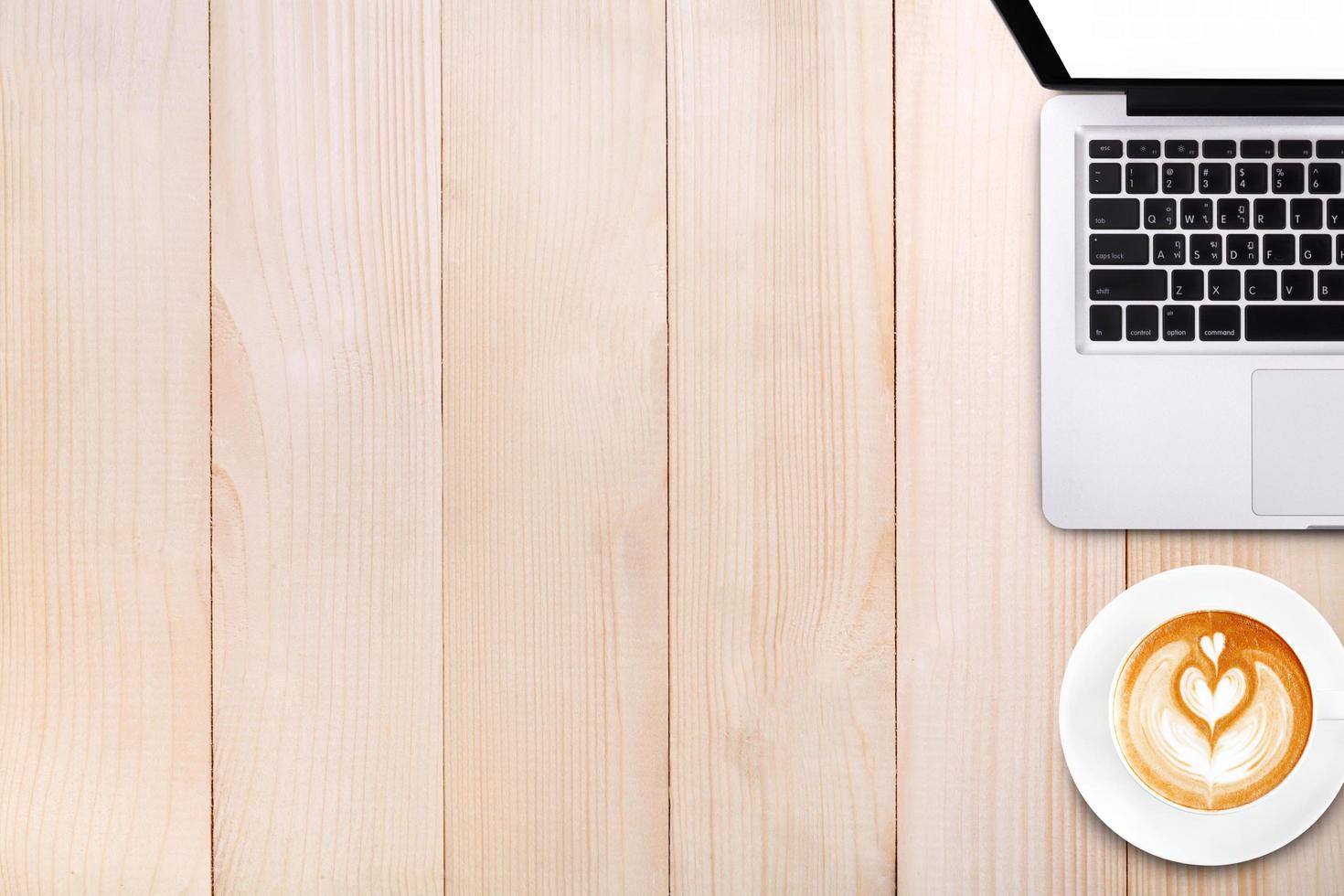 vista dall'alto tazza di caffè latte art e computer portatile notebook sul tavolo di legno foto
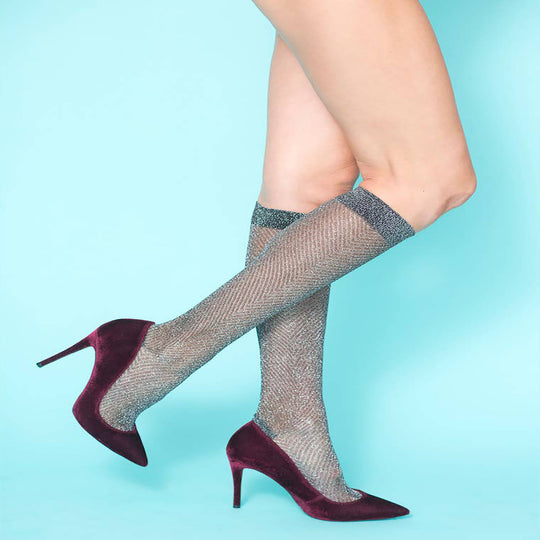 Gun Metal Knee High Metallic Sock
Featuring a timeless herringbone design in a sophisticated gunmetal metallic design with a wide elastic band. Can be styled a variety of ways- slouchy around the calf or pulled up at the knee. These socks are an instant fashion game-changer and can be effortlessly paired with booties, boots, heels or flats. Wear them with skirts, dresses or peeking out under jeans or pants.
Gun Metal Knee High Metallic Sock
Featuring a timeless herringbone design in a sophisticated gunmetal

...

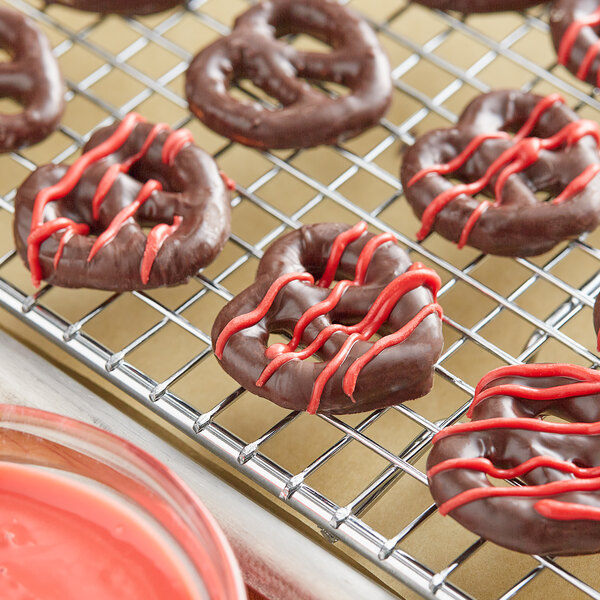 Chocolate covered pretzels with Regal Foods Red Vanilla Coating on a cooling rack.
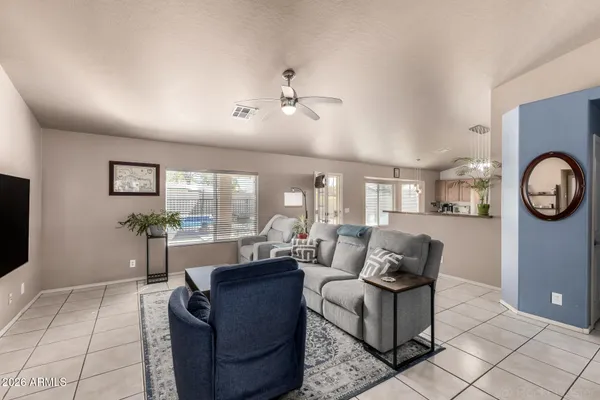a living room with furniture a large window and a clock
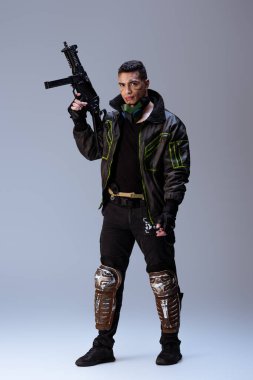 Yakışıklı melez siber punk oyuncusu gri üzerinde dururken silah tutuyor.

--

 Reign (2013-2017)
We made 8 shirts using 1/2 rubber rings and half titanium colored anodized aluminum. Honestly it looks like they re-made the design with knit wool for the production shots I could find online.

## What you need to do
Precisely those lines above that run from the line with "a living room" up to and including the line with "Yakışıklı melez siber" are to be set down, with the pictures omitted.

## Problem solution
a living room with furniture a large window and a clock
 Yakışıklı melez siber punk oyuncusu gri üzerinde dururken silah tutuyor.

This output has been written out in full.